Social selling: For the most part, vendors are only beginning to scratch the surface when it comes to using social media as a channel for selling. According to SalesforLife, sales people using social media as part of their sales process exceeded their quotas 23 percent more often than those who didn’t. The same report indicates that non-social media users missed their quota 15 percent more often than their social media-using peers. I haven’t met a single salesperson who doesn’t want to be outperforming the competition. In addition, a recent Google update made social links even more important to increasing your website’s rank. It seems the time is now to start mapping out a strategy for using social media that is consistent with the habits of your buyer personas.
Pay per click: With a solid content strategy, a pay per click (PPC) plan will help you get more visitors specifically looking for your content. If you’re great at PPC, you are more than halfway there. If you’re just starting out, you may need to either find a tool that integrates with your campaigns and offers PPC suggestions or you may want to find an agency partner to work with you.
PPC is more than just setting up an ad and some keywords. You can inadvertently be competing against yourself for PPC end up paying more than you should be or you can get really great click thru rates on keywords that don’t produce any level of engagement. Unfortunately, it’s easy to see clicks and impressions as “success” and keep spending. The key is to understand which keywords are right for you and the type of content you’re providing, so that you can optimize your budget rather than spend more.
Thought leadership and public relations: Traditionally, companies sent out press releases hoping their product information makes it into news items and written articles.

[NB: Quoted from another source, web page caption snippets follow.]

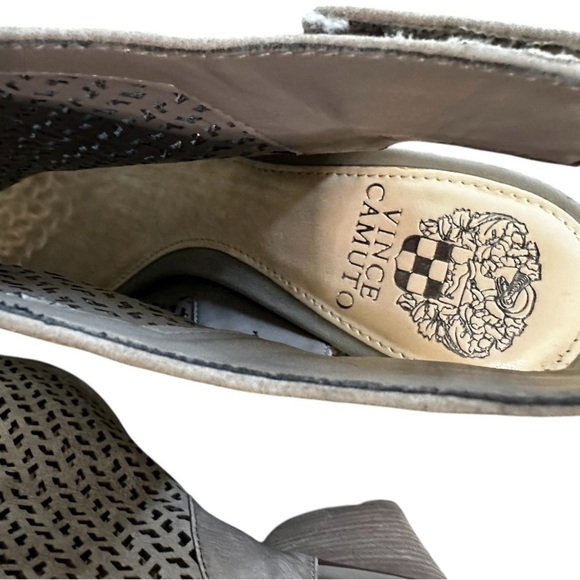 Vince Camuto Peep Toe Booties - Size 9 - Picture 9 of 10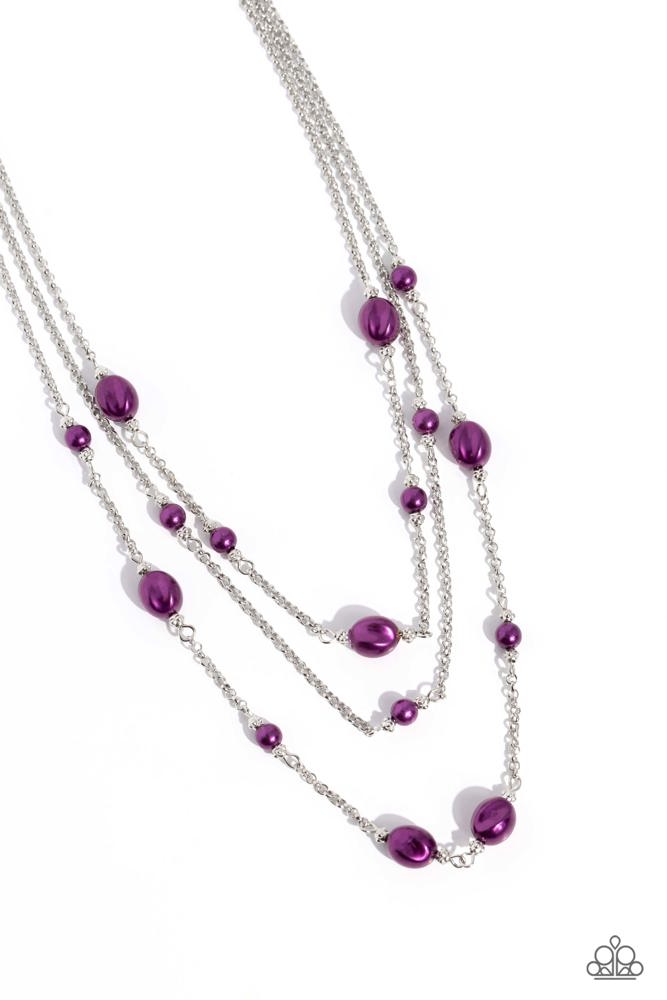 Pearlicious Pop Purple Necklace - Paparazzi Accessories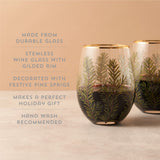 Woodland Stemless Wine Glass Set
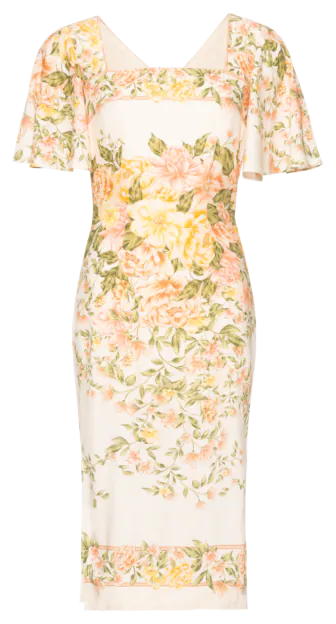 Giovanna Kleid sfondo di rose - Kleider
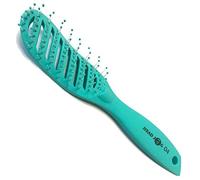 Head Jog 04 - Curved Turquoise Vent Brush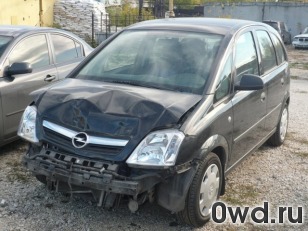 Битый автомобиль Opel Meriva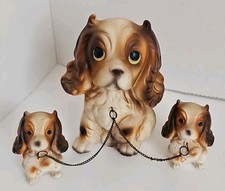 Vtg Spaniel Dog Puppy Family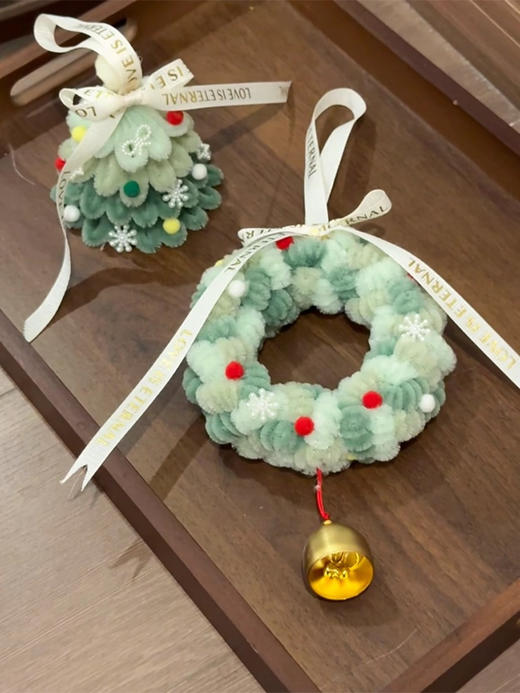 【DIY手工扭扭棒圣诞挂件】挂圣诞树、窗户、做车内装饰都适合❗手残党也能做出高级感挂件❤️ 商品图6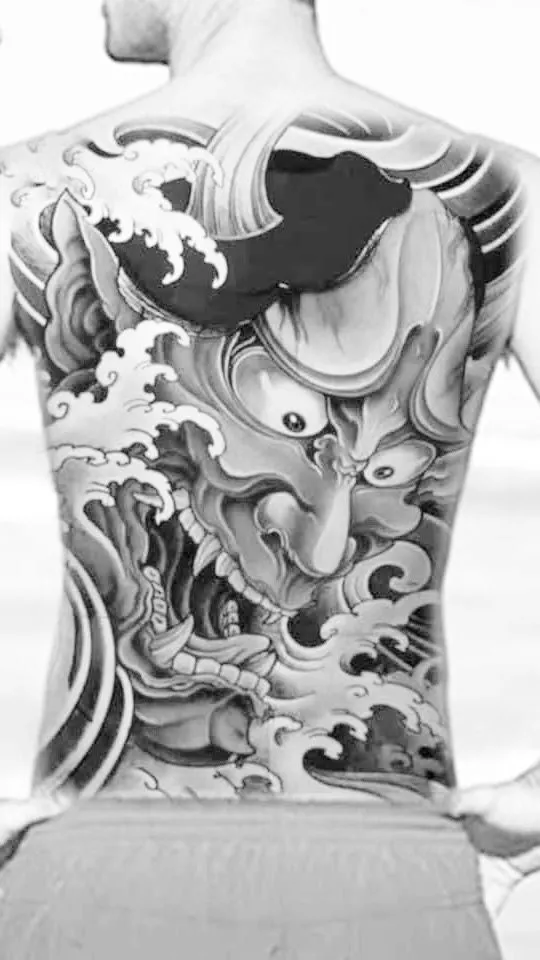 150 hình xăm mặt quỷ dạ xoa tuyển chọn ấn tượng nhất - Genztattoo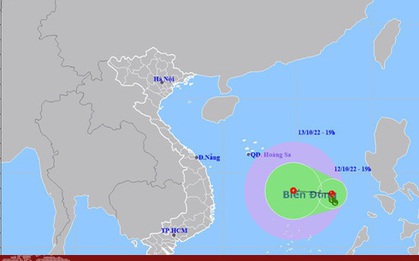 Ngày 13/10, sức gió vùng tâm áp thấp nhiệt đới giật cấp 9, rủi ro thiên tai cấp 3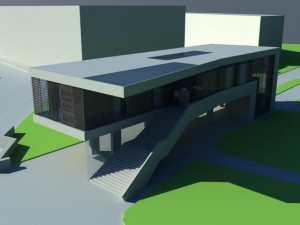 art gallery museum 3D Модель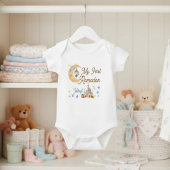My First Ramadan Personalized Baby Jersey Bodysuit ベビーボディスーツ
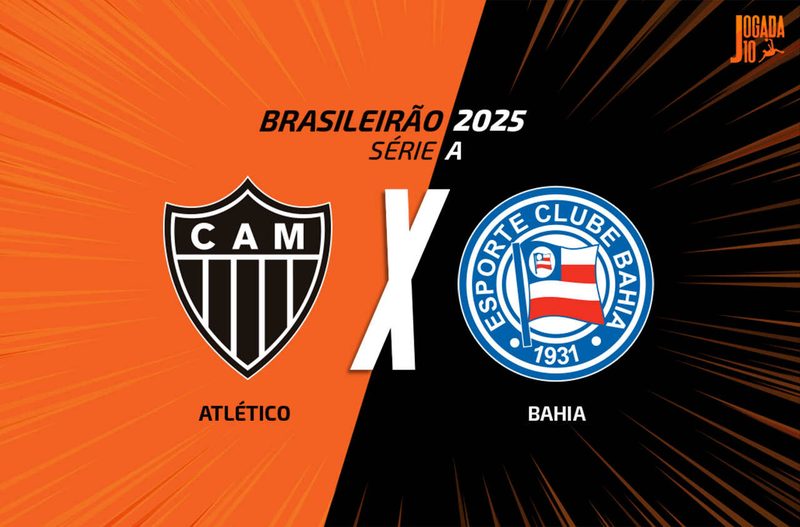 Confronto decisivo: Atlético Mineiro e Bahia duelam na Arena MRV pelo Brasileirão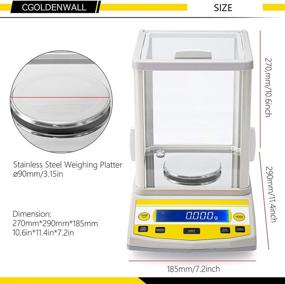 img 1 attached to CGOLDENWALL Digital Analytical Balance High Precision Scale Digital Electronic Balance Scale For Laboratory Pharmacy (300G 1Mg)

B2B companies will find that evolving to a thought leadership campaign can be much more powerful as it can create a competitive advantage. Thought leadership can encourage future (and present) customers to see your company as the resource for information and insights. Thought leadership is more about promoting ideas that are relevant than it is promoting your company. By joining the conversation, you can become recognized as the eminent resource in your field, eventually leading the conversation. It shows you walk the talk. It reverses the direction of public relations to you so that you can advance the industry conversation.
The sales process and the role of salespeople are ever-evolving. We can be sure that it will be radically different going forward. As always, success will be determined by how well your company can adapt to these changes.